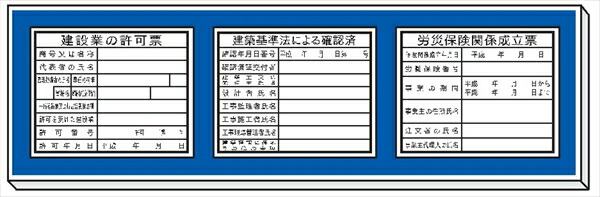 【マラソン期間2%OFFcoupon24日11時まで】法令表示板 取付ベース 法令表示板 3枚付 H100 460mm×1800mm|仙台銘板@店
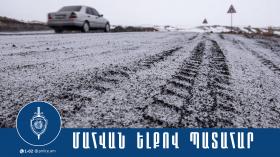 Մեքենան դուրս է եկել երթևեկելի գոտուց. վարորդը մահացել է Մեքենան դուրս է եկել երթևեկելի գոտուց. վարորդը մահացել է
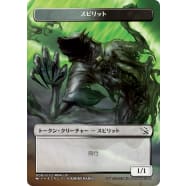 Spirit (Token) Thumb Nail
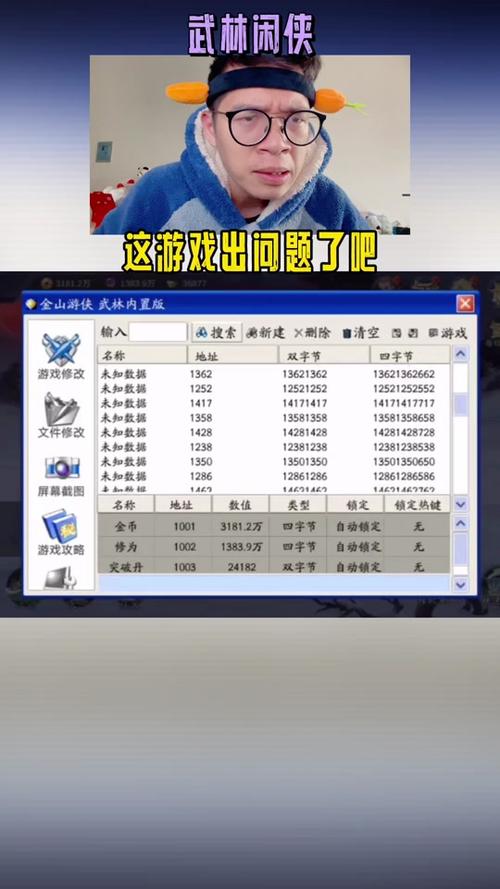 海商王2如何修改金钱,海商王2攻略秘籍-第7张图片-文史 海商王2如何修改金钱,海商王2攻略秘籍-第7张图片-文史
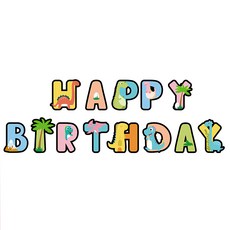 生日拉旗 270cm 造型派對裝飾, 恐龍, 1個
*****
- [What you have to do]: Could you restate exactly the lines from the line containing "海商王2如何修改金钱,海商王2攻略秘籍-第7张图片-文史 海商王2如何修改金钱,海商王2攻略秘籍-第7张图片-文史" through the end of the listing, both ends included and nothing else, leaving the images out?

- [Your response]:
 海商王2如何修改金钱,海商王2攻略秘籍-第7张图片-文史 海商王2如何修改金钱,海商王2攻略秘籍-第7张图片-文史
 生日拉旗 270cm 造型派對裝飾, 恐龍, 1個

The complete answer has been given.